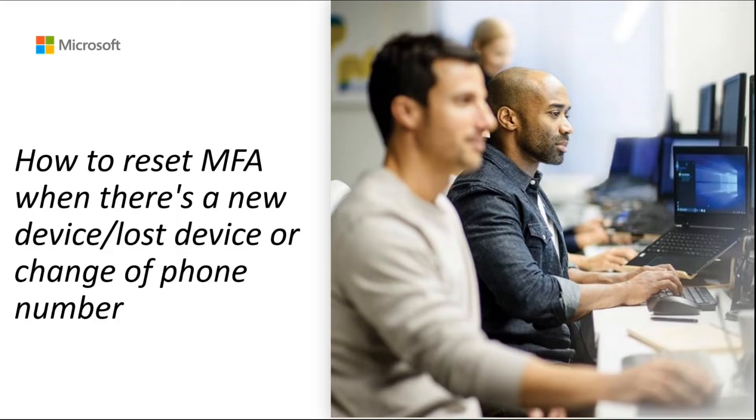This video will also demonstrate how an end user can set up secondary authentication method for MFA to prevent themselves from getting locked out.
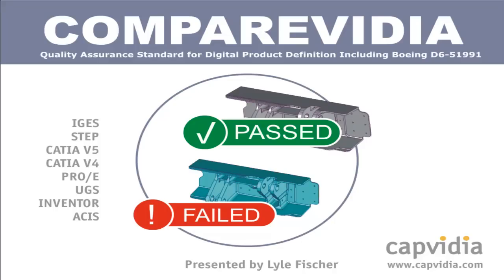Welcome to this demonstration by CapVidea. My name is Lyle Fisher, and I will show you how CompareVidia is used to compare and validate your CAD models.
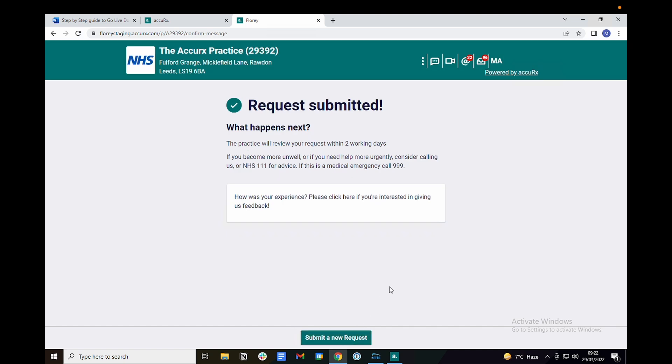Once you submit the form, the request should appear in your inbox linked to your test patient. The inbox can be found next to your initials in the Acurex toolbar.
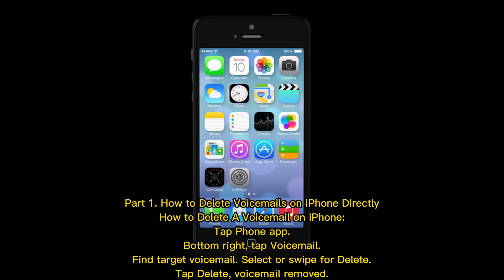Part 1: How to delete voicemails on iPhone directly. To delete a voicemail on iPhone, tap the Phone app, then tap Voicemail at the bottom right. Find the target voicemail, select or swipe for delete, tap delete, and the voicemail is removed.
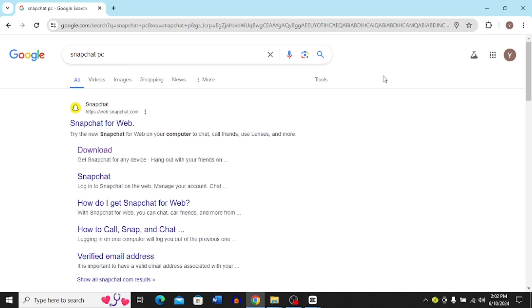How to download and use Snapchat on PC or laptop. Hi guys, in this video I'm going to show you step by step how to download and use Snapchat on PC or laptop. So let's dive in.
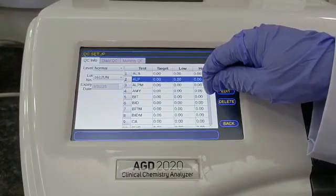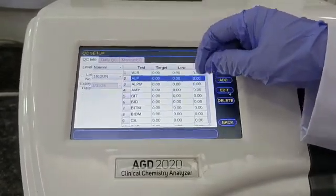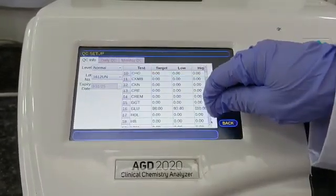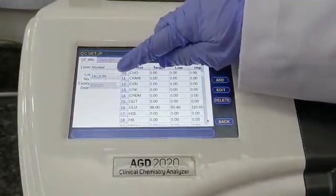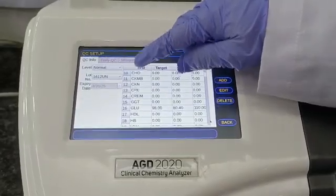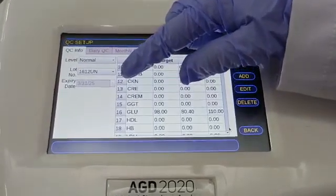The normal level lot number is 1612UN, and it has an expiry of 31st March 2025.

* * * *

## Exercise aim
Could you return each line, unchanged, from the line containing "How to download and use Snapchat on PC or laptop. Hi" through the last line of the entries above, leaving out the pictures?

## Solution to this exercise
How to download and use Snapchat on PC or laptop. Hi guys, in this video I'm going to show you step by step how to download and use Snapchat on PC or laptop. So let's dive in.
The normal level lot number is 1612UN, and it has an expiry of 31st March 2025.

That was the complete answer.